For all the mystery around the question of what she actually does in the White House, Ivanka Trump is at least less of a liability than her husband, whose problems seem to be growing by the day. Brought into the administration at the start, and given an overstuffed portfolio that includes dealing with China and the Middle East, Kushner has never received a full security clearance from the FBI. This problem and others got him crosswise with Kelly, who forced the issue in a way that led to the decision to deny him access to the most highly classified government secrets.

The current trouble with Kushner revolves, as it long has, around his family real estate business, which launched him into adulthood with access to what appeared to be a vast fortune with contacts at the highest levels of business and society.

Now, as The New York Times has reported, it seems investors visited the White House before putting hundreds of millions into Kushner ventures. According to the Times, after a private equity billionaire with Apollo Global Management and a Citigroup executive separately visited the White House, their companies lent Kushner Cos. a combined $500 million. Joshua Harris of Apollo even reportedly discussed a potential job in the administration (which never materialized) with Kushner.

A spokesman for Harris said he was not involved in the decision to loan money, while a Citigroup spokeswoman said its relationship to Kushner Cos. had no connection to Kushner's White House role, the Times reported.

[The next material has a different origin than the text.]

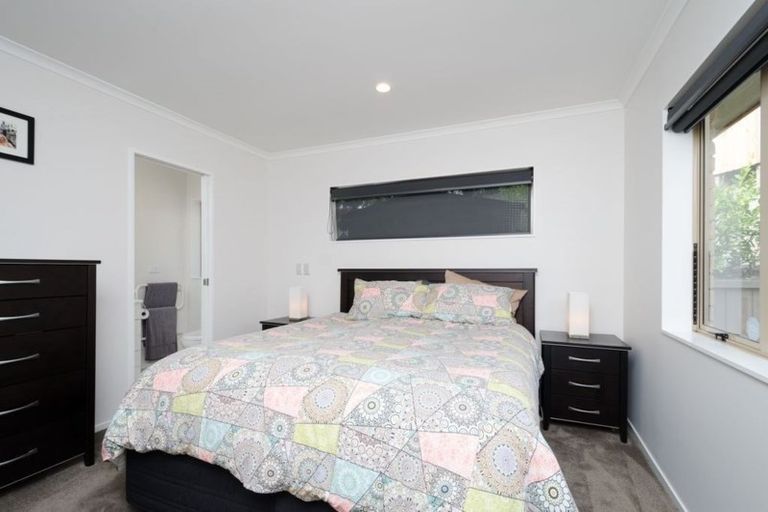 Photo of property in 21 Richfield Crescent, Westgate, Auckland, 0614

A representative for Kushner's attorney said that Kushner has not participated in "any business, loans, or projects with or for" Kushner Cos. since joining the White House, the paper said.

Considering the example set by the President, who has ignored precedent by retaining attachments to his business interests (and their profits), Kushner's awful judgment when it came to taking (and potentially using) his position seems like business as usual. It may be normal for the Trumps, and others who believe they play by their own rules, but it is not for those who believe a White House job entails at least a modicum of civicmindedness.

All of this brings America to the unlikely place where by comparison, a young woman like Hope Hicks, with the barest qualifications for her own White House position is, with her resignation, rising as an exemplar of public service.

The door remains where it has always been, waiting now for others (who should never have been inside the White House to begin with) to use it. The time has come for Jared Kushner and Ivanka Trump to use it and return to the lives they should have held onto in the first place.